В рамке двери показался мужчина, еле ползущий, согнувшийся и почти раздавленный тяжестью сундука обыкновенных размеров. С трудом опустил он эту ношу, словно то был свинцовый ящик, и сразу выпрямился, как бы от действия пружины. Он был очень высок и очень худ. Его длинное лицо с острым носом, близко посаженными глазами, с косматыми бровями и с тонкими усами в виде кисточек, походило на маску – до того точно воспроизводило оно лицо классического слуги Итальянской Комедии. Утрированным жестом он указал на сундук. Все тело его мимикой изображало страшную тяжесть груза. Его поза выражала отчаяние от мысли, что он не в состоянии будет втащить сундук наверх, и радость по поводу выполненного усилия. Да, он, Карло, перенес сюда эту громаду, и это еще не все… Он шагнул по направлению к двери; вдруг он обернулся, словно умоляя о помощи. Как, неужели никто не поможет ему в этой ужасной задаче! Нет? Но чего только не сделает он, чтобы услужить своему господину!.. И вдруг Марсель увидел, как эта смешная фигура подбежала к нему, поцеловала ему руку и бросилась из комнаты, куда она вскоре вернулась, нагруженная вторым сундуком и саквояжем; эти вещи он держал в руках с такой легкостью, словно они были наполнены воздухом.
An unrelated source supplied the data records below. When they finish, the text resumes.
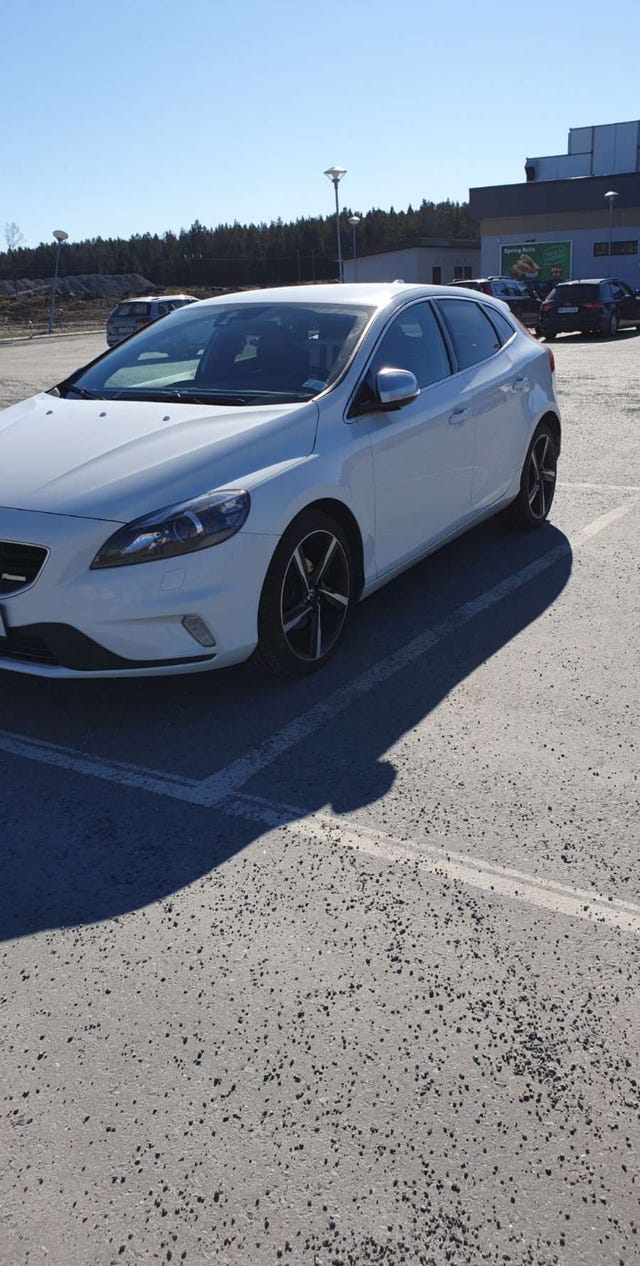 Volvo V40 2013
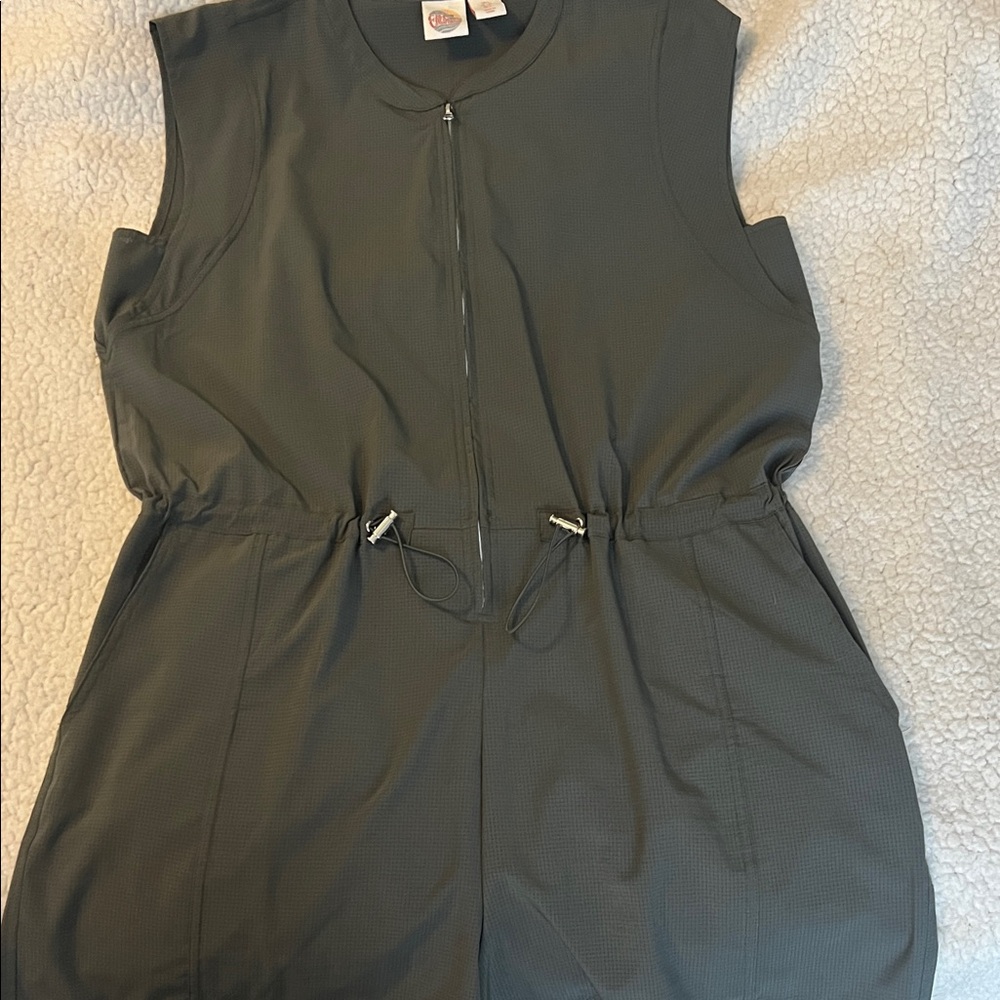 Woman’s Sleeveless Zip-Front Utility in sage green Romper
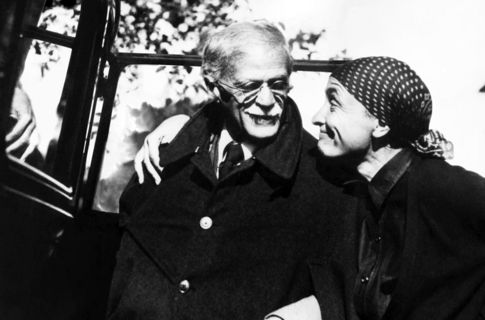 Georgia O'Keeffe und Alfred Stieglitz - die Geschichte einer dreißigjährigen Leidenschaft voller überschäumender Kreativität und erdrückender Abhängigkeit. © Bridgeman Images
Минуту спустя изумительный Карло расстегнул ремни, расправил складки занавески от москитов и осведомился на довольно хорошем французском языке, в котором часу господин желает, чтобы его разбудили, что он предпочитает, шоколад или кофе, – и исчез, не дожидаясь ответа, с такой быстротой, словно какой-то таинственный фокус скрыл акробата, выполнившего свою шутовскую роль домашнего слуги.

Когда Марсель Ренодье остался один, тишина удивила его: она заполняла все палаццо, словно населяла его своим невидимым присутствием. Молодой человек испытывал странное впечатление, как будто он достиг крайних пределов света, равно как и пределов самого себя. Он медленно подошел к окну. Звезды сверкали на чистом небе. Марсель не мог удержаться от желания на минуту открыть окно. Ему хотелось услышать какой-нибудь иной звук, помимо глухого биения своего сердца. Его комната выходила в сад. Снова донесся до него пресный и вялый запах, но на этот раз смешанный с ароматом цветов и листьев. За стеной раздался стук каблуков по ночным плитам, потом наступила тишина, полная, абсолютная и, казалось, бесконечная, в которой он почувствовал, как его мысль умерла от усталости и сонливости, овладевших им.